A ‘lively’ meeting can mean many things, but Wednesday’s meeting about Camden’s proposed development fell into the more inflamed sense of the word. It was Camden Council’s CIP plans, including the building of a ’tower block’ and removal of parks and a tenants’ hall that so aggravated locals.
If Camden Council planners were in any doubt about the strength of local feeling before, they surely left with those doubts shredded.
Attempts to consider Micheal Parkes’ carefully thought-through alternatives to the council’s proposal were rather lost, as, in a remarkable show of a solidarity, exceptional in most community meetings, let alone Somers town, residents rejected the council’s (second) version of CIP proposals. At one point, a cry of ‘Why?’ rose up in unison, in response to Camden’s explanation that flats could not be built on top of the new School – the preferred local alternative to building on precious local parks.

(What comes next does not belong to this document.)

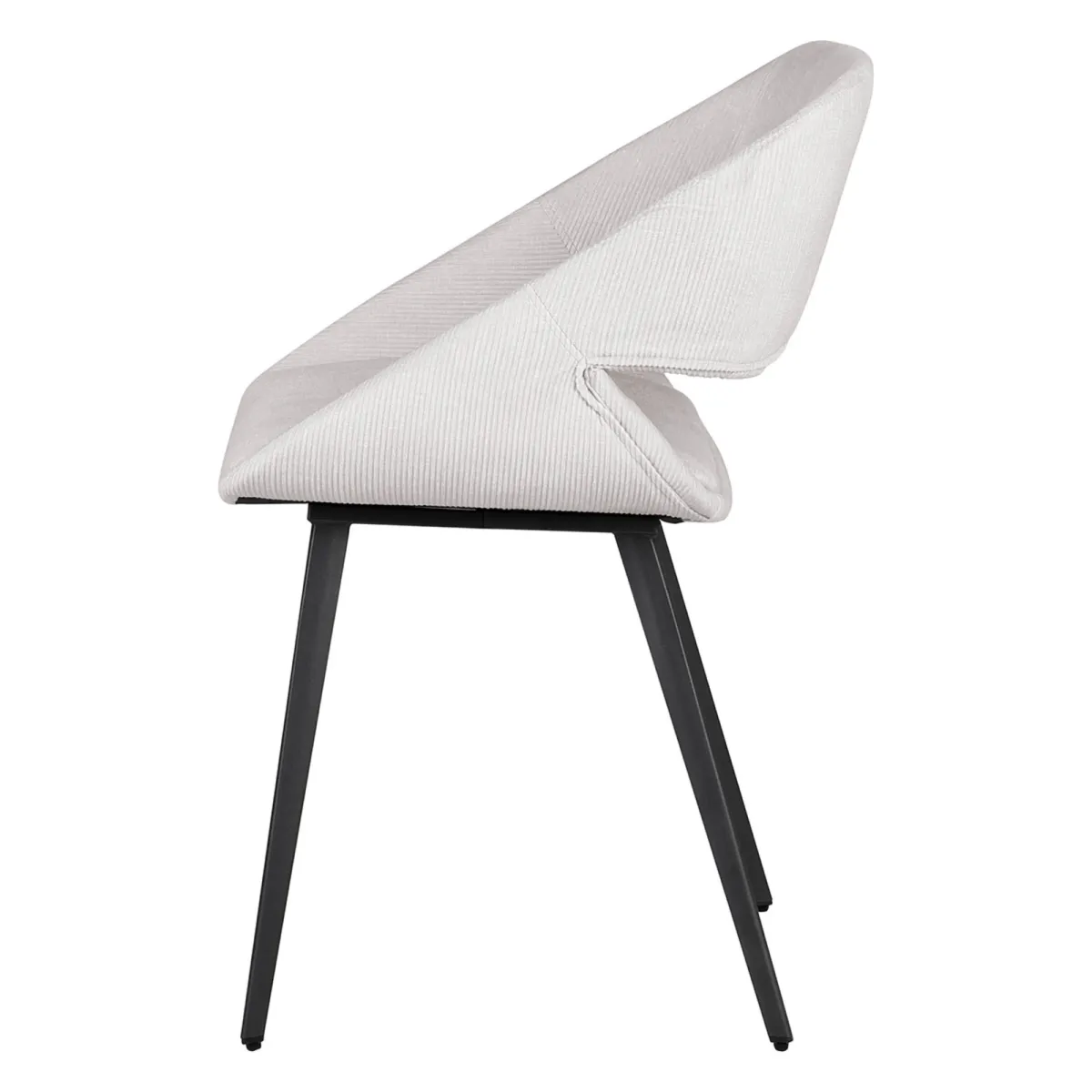 Set di 2 sedie da pranzo in velluto a coste (seduta 49 cm) Orka Ecru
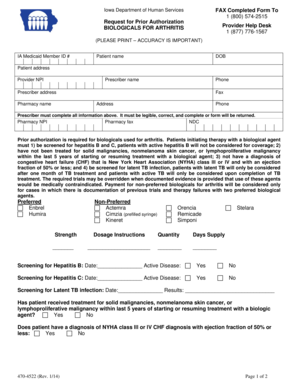 Iowa Medicaid Prior Authorization for Biologicals for Arthritis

In what is fast becoming a battle of consultations, residents from Coopers Lane, arguably most affected by the proposed developments on their doorstep, came prepared with their own survey, the results of which indicated that all 82 residents surveyed were unanimously against the proposed 22-storey block. And they’d done their research: finding proof from the 1970s that the park and Coopers Lane had been treated as one concept, with 2 acres allocated for open space. ‘Purchase Street Park’ is a non-concept; it’s all part of one estate, and thus their open space should remain.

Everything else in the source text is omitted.